'''

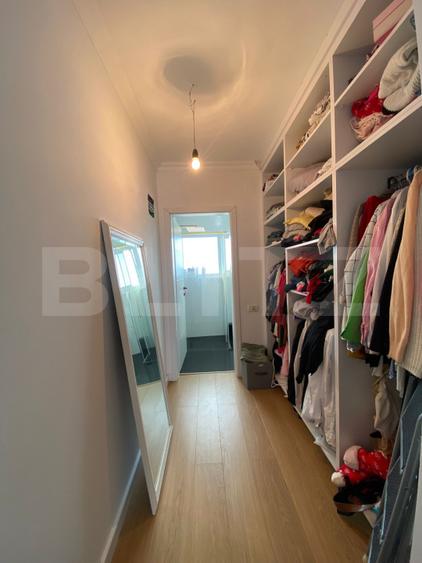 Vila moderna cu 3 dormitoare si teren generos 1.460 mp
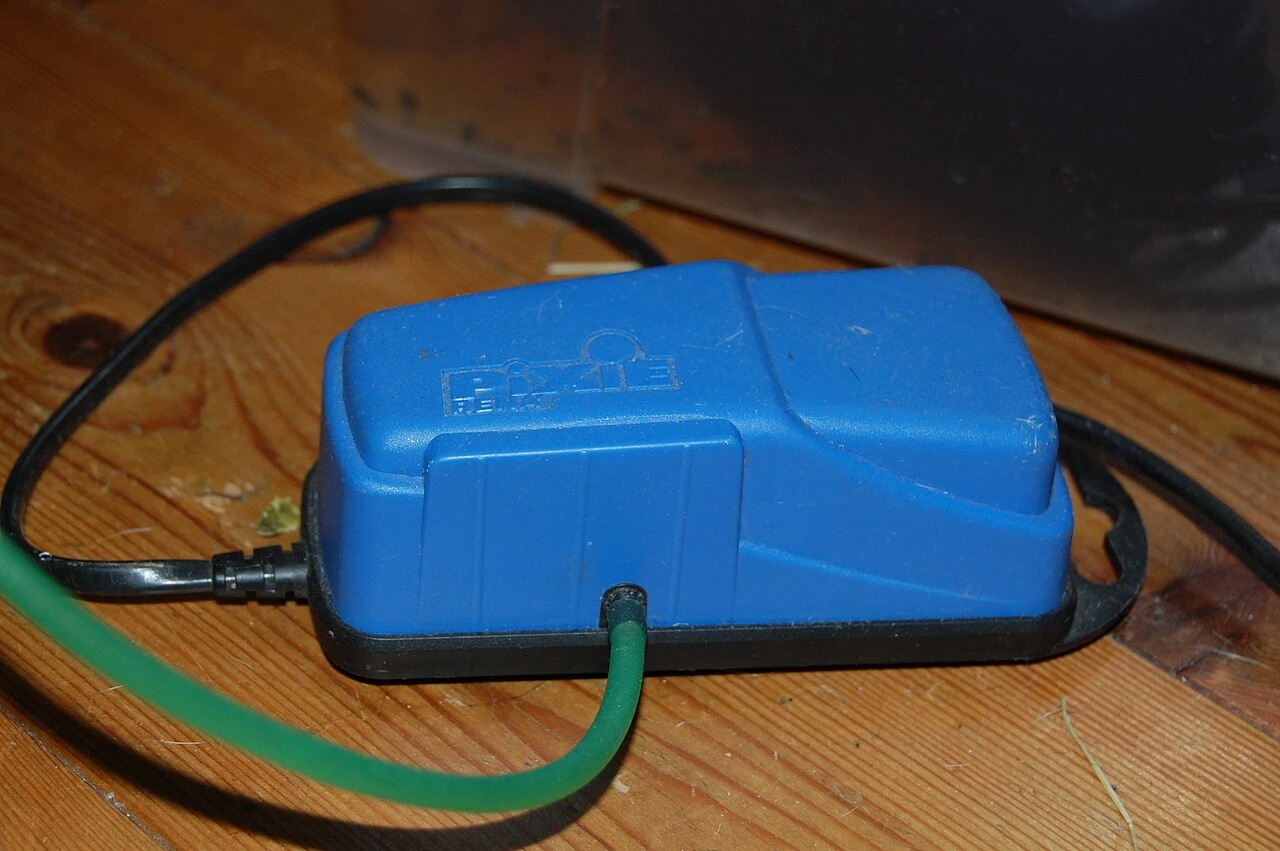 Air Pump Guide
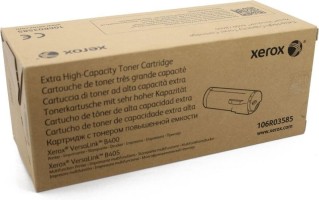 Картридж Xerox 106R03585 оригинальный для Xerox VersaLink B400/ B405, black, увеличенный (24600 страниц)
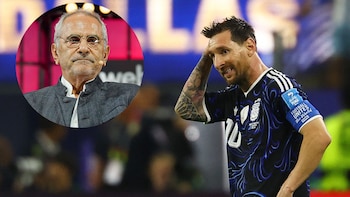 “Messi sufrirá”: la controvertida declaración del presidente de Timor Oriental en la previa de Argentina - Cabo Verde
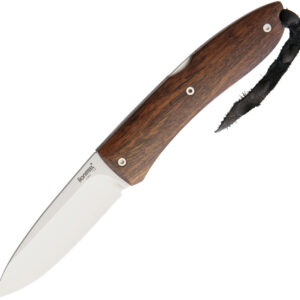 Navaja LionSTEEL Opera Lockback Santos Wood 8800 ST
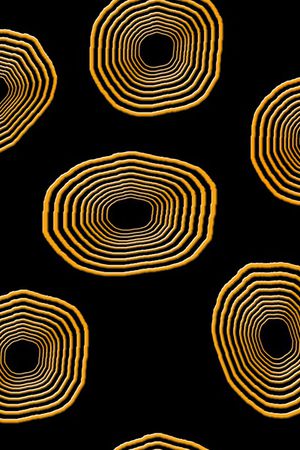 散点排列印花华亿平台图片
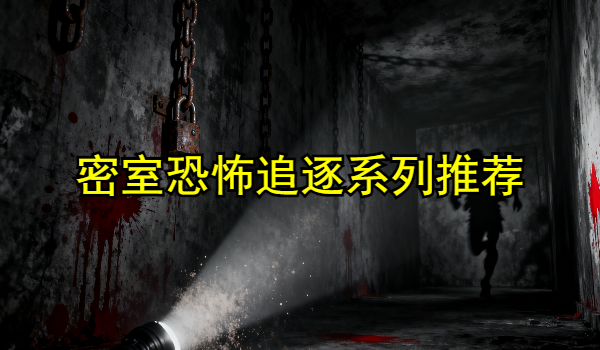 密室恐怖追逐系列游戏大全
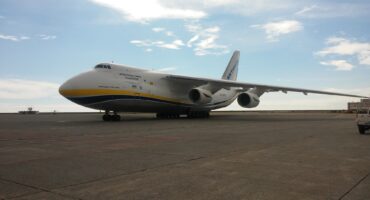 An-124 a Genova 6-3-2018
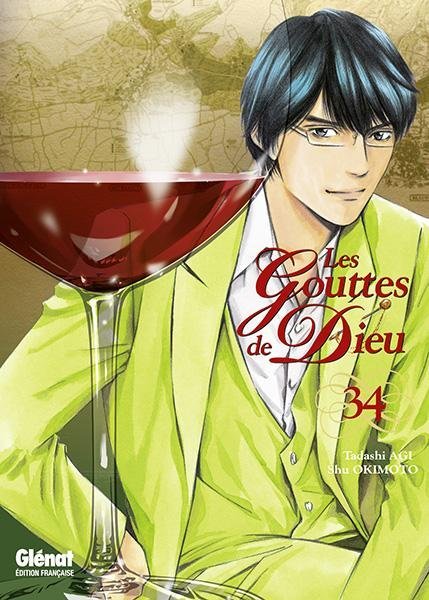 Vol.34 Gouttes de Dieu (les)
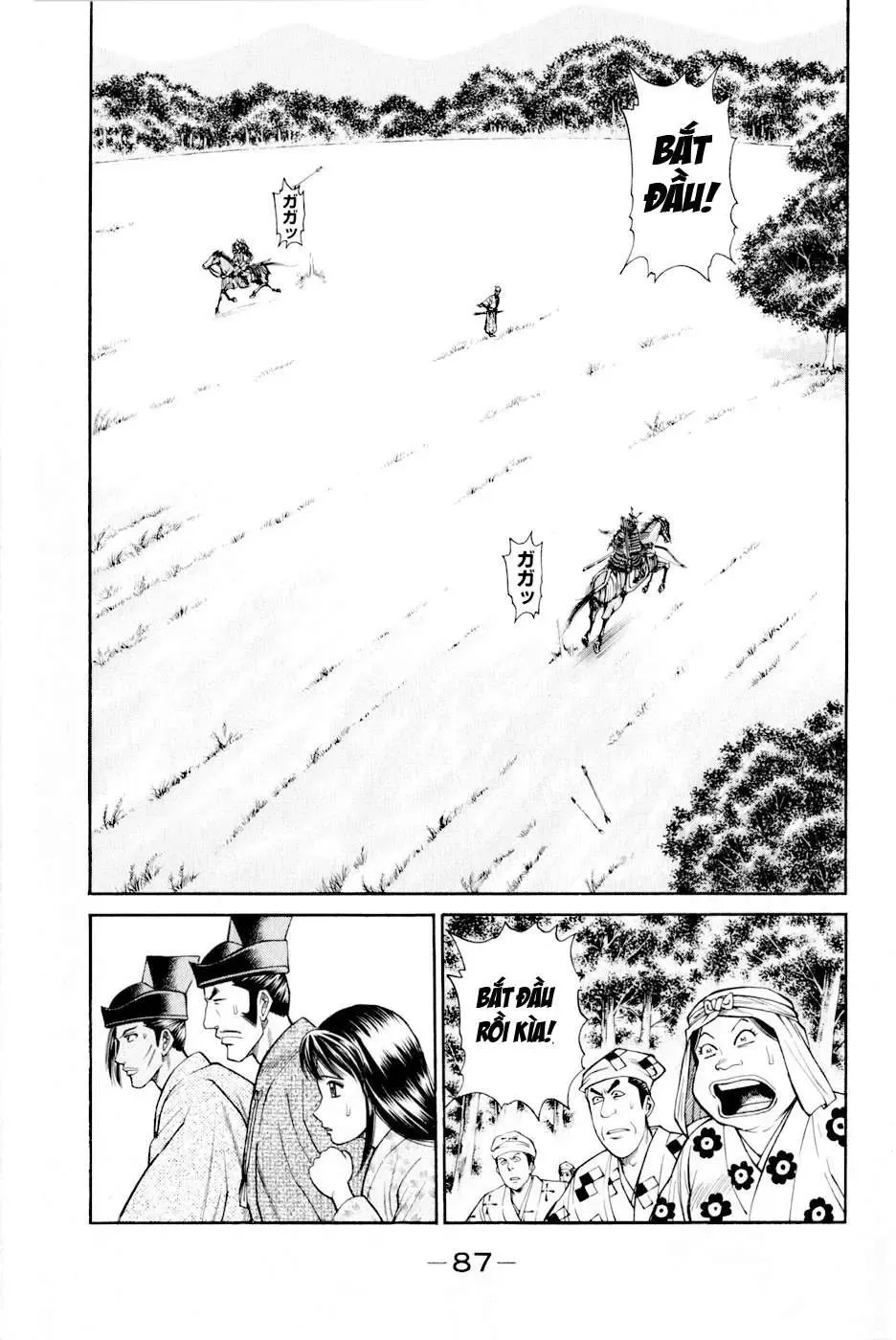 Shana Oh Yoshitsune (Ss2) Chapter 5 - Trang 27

'''

WORK INSTRUCTIONS - Each line from the one with "散点排列印花华亿平台图片" through the final line of the records must be copied exactly, with no pictures and no additional lines.

ANSWER -
 散点排列印花华亿平台图片
 密室恐怖追逐系列游戏大全
 An-124 a Genova 6-3-2018
 Vol.34 Gouttes de Dieu (les)
 Shana Oh Yoshitsune (Ss2) Chapter 5 - Trang 27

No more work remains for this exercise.